Chevaux de Troie, sondes, boites noires, etc. C’est peu de le dire : la loi du 24 juillet 2015 sur le renseignement a démultiplié les outils de surveillance dont disposent aujourd’hui les services. Seulement, ces mêmes outils ne peuvent évidemment pas être achetés dans le supermarché du coin. Leur commerce est en effet strictement réglementé dans le Code pénal.
Comment ? L'article 226-3 interdit par défaut la diffusion des appareils et logiciels qui, par conception, permettent d’ouvrir, supprimer, retarder, détourner, prendre connaissance, intercepter, utiliser, divulguer une correspondance privée. Mais cette interdiction connaît évidemment une exception, sans laquelle les services du renseignement seraient désarmés. Ceux-ci peuvent donc utiliser tous les dispositifs visés par cet article L.226-3 pour autant qu’ils soient répertoriés, contrôlés, analysés via une liste gérée par l'Agence nationale de la sécurité des systèmes d'information. C’est l’objet d’un arrêté publié le 4 juillet 2012.
Des IMSI catcher, mais pas seulement
Depuis la loi sur le Renseignement, donc, les services se servent de ces oreilles et yeux électroniques pour recueillir directement les données techniques de connexion afin d’identifier un équipement terminal, un numéro d’abonnement ou géolocaliser un mobile (article L.851-6 du Code de la sécurité intérieure ). Autre possibilité : réaliser des interceptions de correspondance.

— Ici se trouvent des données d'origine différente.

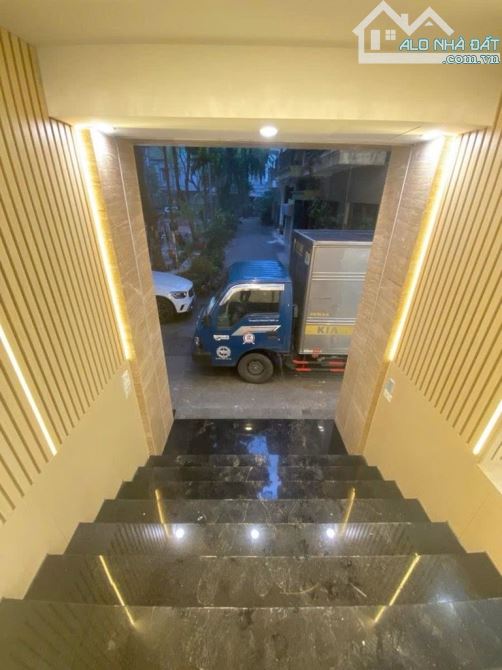 Toà vp 100M 7 tầng mt 7.5m giá 5x tỷ hiếm nhất cầu giấy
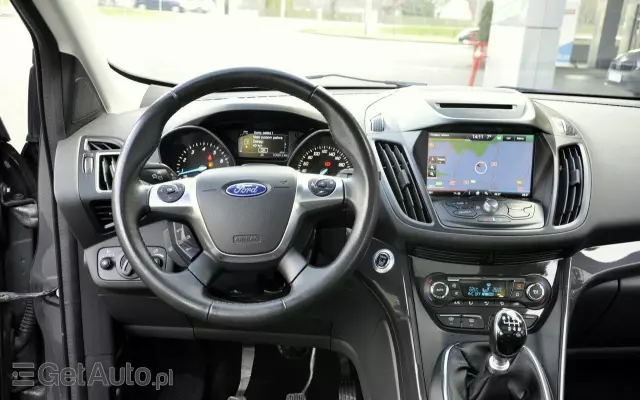 FORD Kuga 1.5 EcoBoost 2x4 Titanium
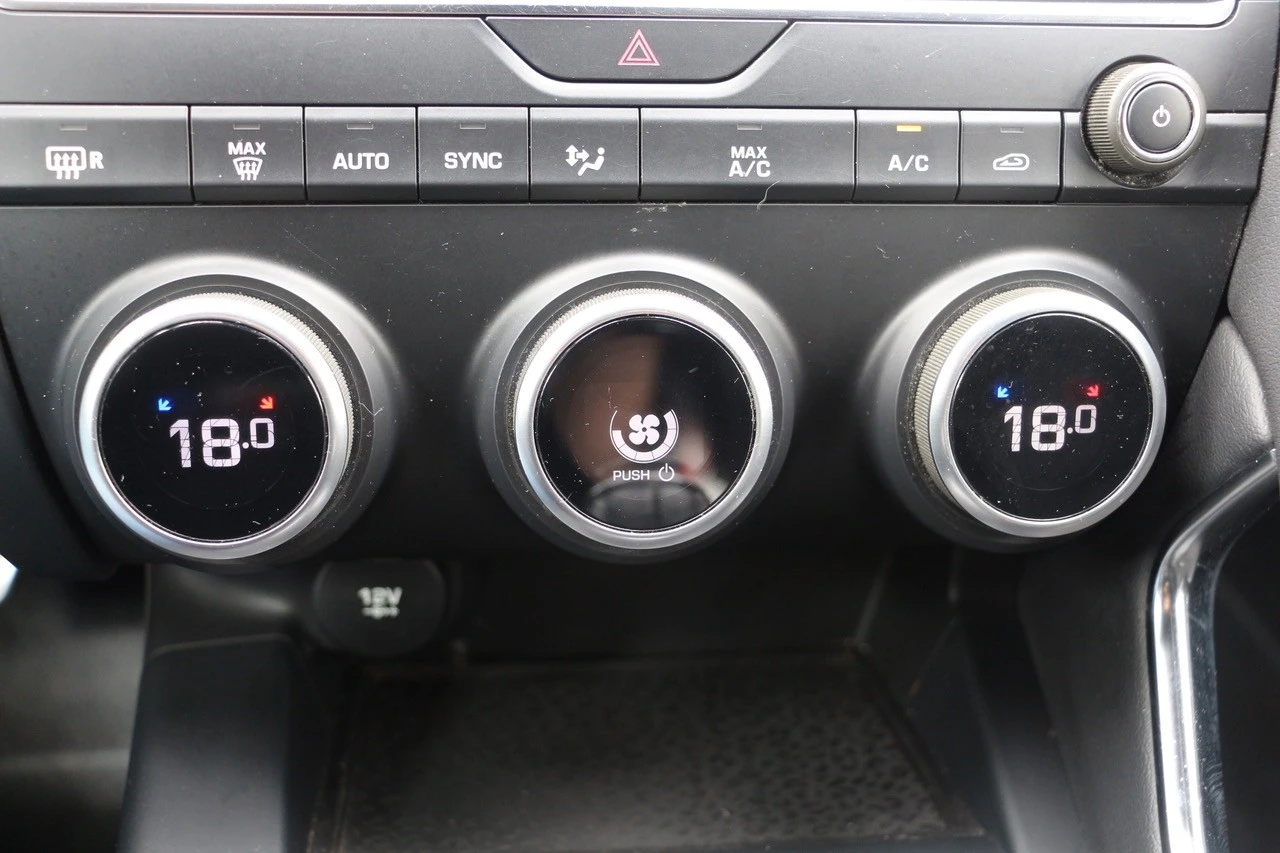 Jaguar E-Pace 2.0 i4D R-Dynamic
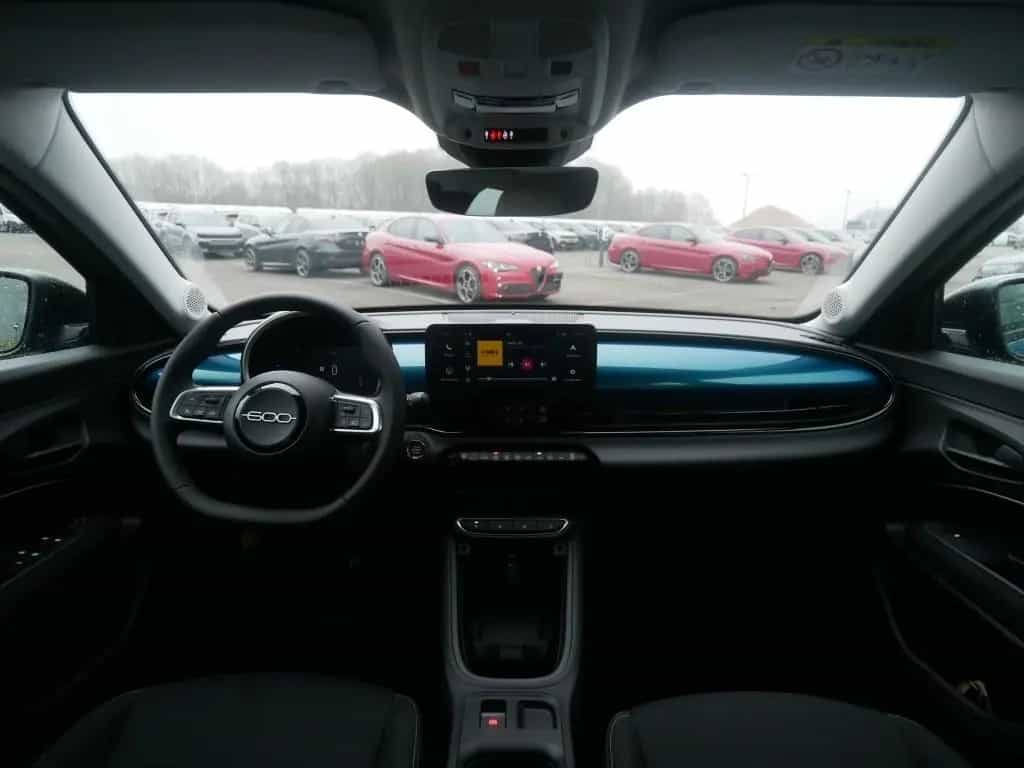Fiat 600 HYBRID ICON 1.2 110 PS DCT6 KOMFORT NAVI KAM 05/2026-photo-16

L’outil phare pour réaliser ces mesures intrusives est évidemment l’IMSI catcher, cette fausse antenne relais qui fait écran entre des mobiles et une vraie antenne, histoire d'épier les échanges réalisés dans son spectre.

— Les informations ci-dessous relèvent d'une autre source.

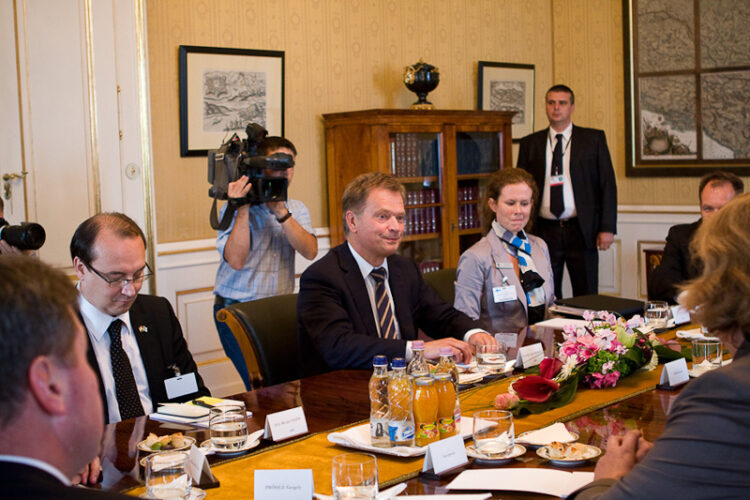             Presidentti Niinistö keskusteluissa presidentti Áderin kanssa Sándor-palatsissa. Kuva: Maiju Saari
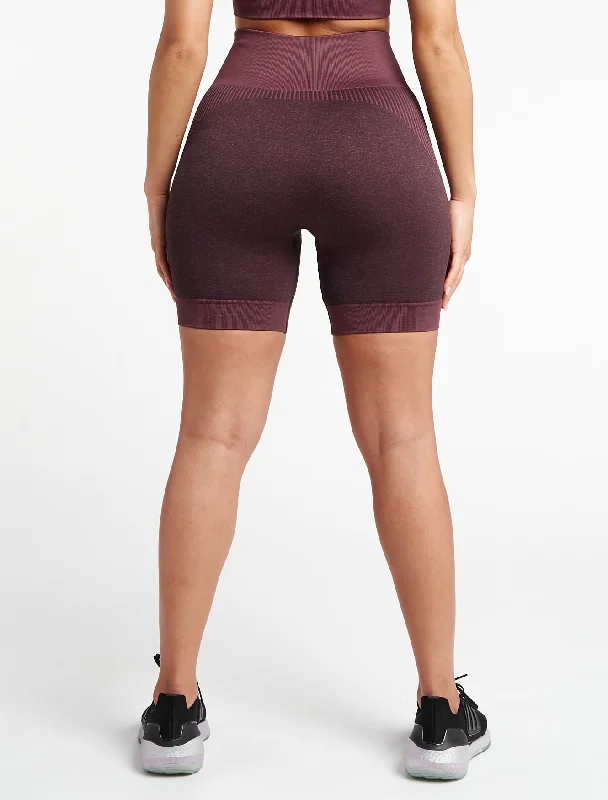 adapt-seamless-shorts-black-cherry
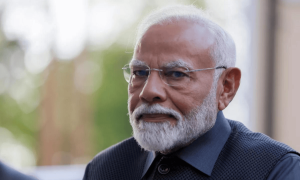 被特朗普狠招算计，莫迪终于顿悟，想办成大事，必须和中国讨个好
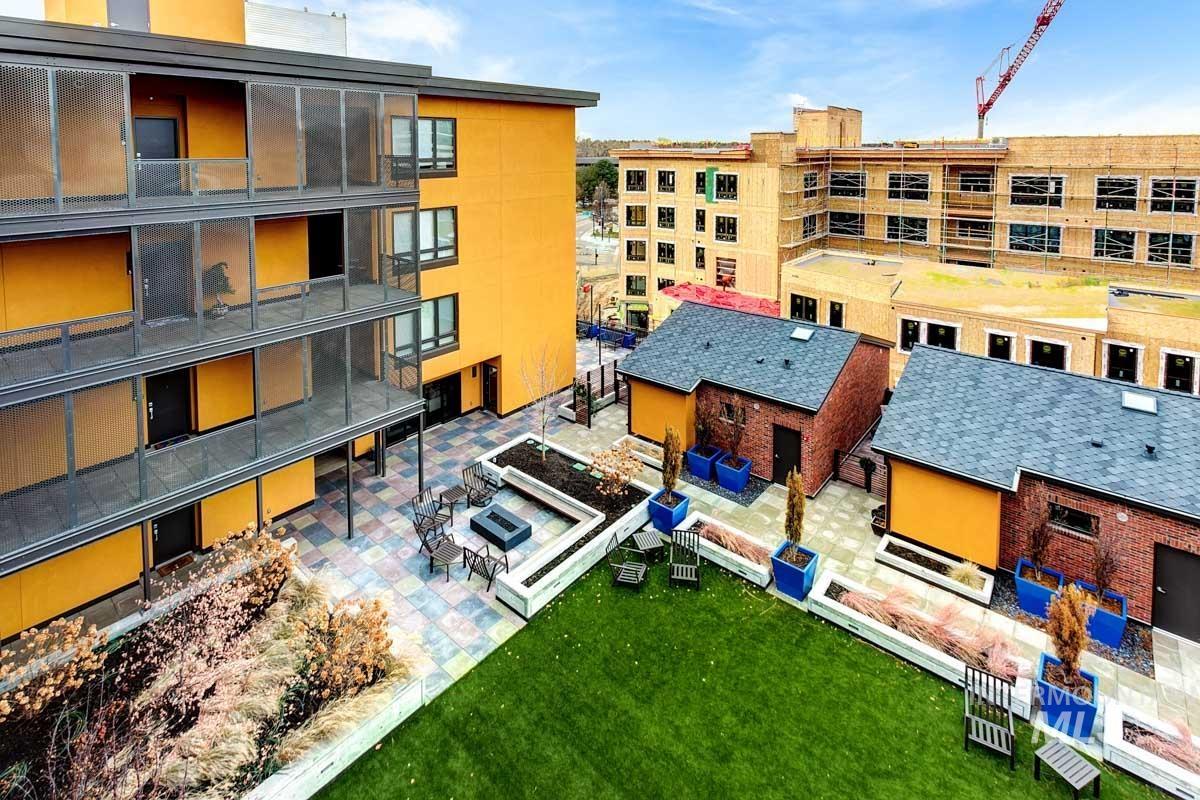 880 W River Street, Boise, Idaho 83702, 2 Bedrooms, 2 Bathrooms, Residential For Sale, Price $798,000,MLS 98983966
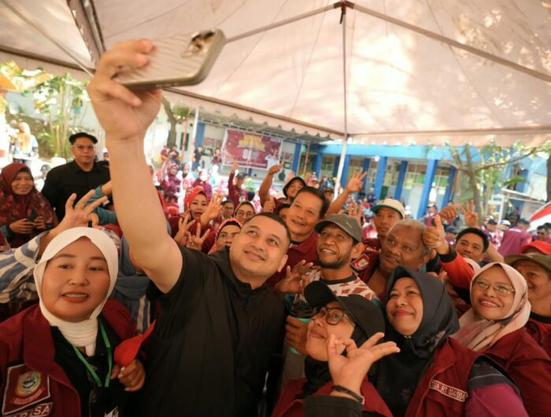 Appi dan Melinda ajak warga Tamalanrea pilah sampah dari rumah demi target Makassar bebas sampah 2029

Pour tenir compte des évolutions techniques, la France veut cependant aller plus loin. Le 26 février, elle a alerté Bruxelles d’un projet de texte qui va venir étendre ces dispositions aux antennes relais des opérateurs mobiles. Spécialement, « les produits concernés sont certains appareils d’accès aux réseaux de radiocommunications mobiles de 3e et 4e génération mis en œuvre par les opérateurs de communications électroniques » indique Paris dans sa notification. « Il s’agit de stations de base (eNodeB – Evolved Node B), appelées aussi « antenne relais », dont les versions récentes ou à venir sont susceptibles d’intégrer des fonctionnalités de duplication des communications à des fins d’interception légale. »
L'ANSSI, davantage mobilisée
Ces nouveaux appareils implantés dans les antennes relais pourront être configurés et activés à distance pour dupliquer les correspondances des clients. Leur commercialisation sera donc soumise à autorisation et encadrement. Mais cet agrément signifie surtout qu’à l’avenir, les services pourront s’en servir pour épier les échanges sur une zone déterminée afin de glaner les données de connexion ou réaliser des interceptions.

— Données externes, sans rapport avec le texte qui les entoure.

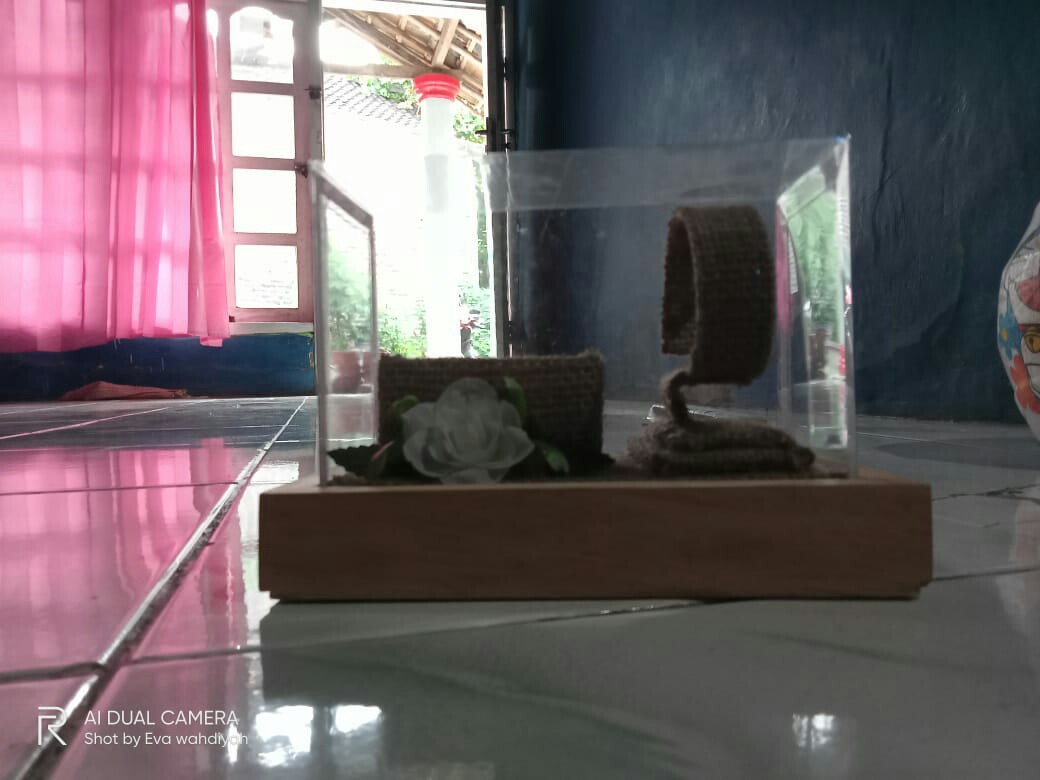 Kayu Cincin Gelang Tutup Mika Untuk Seserahan Pernikahan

« C'était dans les tuyaux depuis quelque temps dans la mesure où en 3G (dans sa version ultime) et surtout 4G et demain 5G, les stations de base sont devenues de vrais équipements réseaux avec des fonctions intelligentes » nous indique un proche du dossier. « Au départ, les stations n'avaient qu'une fonction radio avec une intelligence résiduelle dans le cœur de réseau. »
Fait notable, l’arrêté notifié ne se limite pas seulement aux antennes, mais concerne également les DSLAM, bref tout ce qui peut ou pourra servir à faire de l'interception. Surtout, il revoit l’économie du régime d’autorisation. Seront soumis à l’agrément de l’ANSSI non plus les appareils « conçus pour réaliser » des atteintes à la vie privée ou au secret des correspondances, mais désormais tous ceux « de nature à permettre » de telles atteintes. Une nuance de taille qui entraîne un vaste élargissement du rôle de ce service rattaché au Premier ministre.
Soulignons enfin que ces outils ne sont pas centralisés sur les pouvoirs du renseignement. Ils peuvent également servir aux interceptions judiciaires. C'est d'ailleurs l'un des objets du projet de loi sur la procédure pénale qui sera discutée demain à l'Assemblée nationale.